Es fácil imaginar el desaire que debe provocar esa imagen de Sánchez disfrutando plácidamente de los atractivos turísticos de la dictadura de Marruecos en las cocinas de esas familias de izquierda, entre ellas muchas de afiliados socialistas, que otro verano más han vuelto a acoger a niños saharauis. ¿Qué explicación rebuscarán estos solidarios anfitriones si uno de esos chavales tiene una pizca de curiosidad por la defensa de su tierra? El alto precio a pagar por el supuesto control de la migración magrebí y la contención a duras penas sobre Ceuta y Melilla hasta el siguiente arrebato del disoluto monarca. Para el presidente en funciones, sencillamente se trata de un tiempo de asueto aunque lo aproveche en un territorio siempre escabroso, todavía bajo el fantasma de un descarado espionaje para la propia seguridad del país al que representa, y que es interpretado sencillamente como otra más de sus sutiles provocaciones frente a las críticas que desoye por previsibles.

Los populares siguen tropezándose a cada paso que dan. Caminan atormentados todavía por las comprensibles secuelas del enorme batacazo asestado en las urnas a sus fundadas ilusiones de gobernar. La triste consecuencia de su pasmosa soledad política, más allá del refugio puntual y nada edificante que les supone el abrazo con la ultraderecha cada vez que quieren amarrar el poder autonómico. Les acaba de ocurrir en Aragón, donde han vuelto a doblar una vez más la rodilla.
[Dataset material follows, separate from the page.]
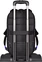 Port Designs San Francisco 13/15.6" notebook рюкзак, black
Un precio demasiado oneroso que les deja marcada una divisa política nada recomendable ante la fragmentación reinante en el tablero partidista.

Feijóo no tiene quien le escuche. La respuesta de Sánchez a la carta del presidente del PP rezuma desprecio. Se trata de un trato similar al que le proporcionarían todos los demás al otro lado de la derecha. Descorazonador. Ahora bien, le avalan 172 diputados ante el rey Felipe VII y es el ganador de las elecciones generales del 23-J. Ahora mismo, el candidato del PSOE no puede decir lo mismo, aunque lo presuma. Las exigencias de Vox, ante un hipotético Gobierno de coalición o de apoyo parlamentario, nunca serían tan desafiantes –y menos para la ortodoxia de la unidad patria– como las que aglutinarán Junts, ERC, EH Bildu y PNV y que ponen en alerta a los veladores de la sagrada Constitución. Quedarían las súplicas de Sumar, pero todas ellas caben en un dedal: a Yolanda Díaz le vale simplemente con seguir en La Moncloa para aplacar las embestidas que le aguardan sin remisión desde Podemos.
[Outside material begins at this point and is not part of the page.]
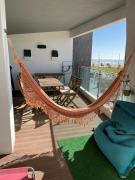 Top Costa da Caparica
Para mayor desasosiego en la dirección de Génova, desde la sala de máquinas de Ferraz se han empeñado en aplicar el modo pausa de cara a las negociaciones de sus futuros compañeros de aventura. Una manera nada disimulada de enrabietar al contrario. También un mensaje intencionado para aplacar las ínfulas de los independentistas catalanes, tan decisivos esta vez en la suerte institucional de ese país que no quieren y desean abandonar llamado España. Sánchez juega, como el bíblico Esau, con un plato de lentejas. O las cogen y se avanza hacia un segundo mandato o las dejan y llega la repetición electoral, dirá a sus interlocutores, consciente de que tiene el cazo en su mano. Ninguna de las dos opciones le atemoriza. Esa es su gran baza cuando empiece a negociar, si no lo ha hecho ya por medio de Salvador Illa, su terminal en Catalunya.

En ERC no les llega la camisa al cuello. Han dejado de ser los ilustres invitados a la fiesta de las decisiones solemnes. Han quedado relegados a suspirar por la decisión de sus fraternales enemigos de Junts, hacia quienes se dirigen ahora todas las miradas, sobre todo las más morbosas. Tampoco hay prisa en Waterloo, donde Puigdemont sostiene complacido otro plato de lentejas para que, en este caso, solo elija Sánchez.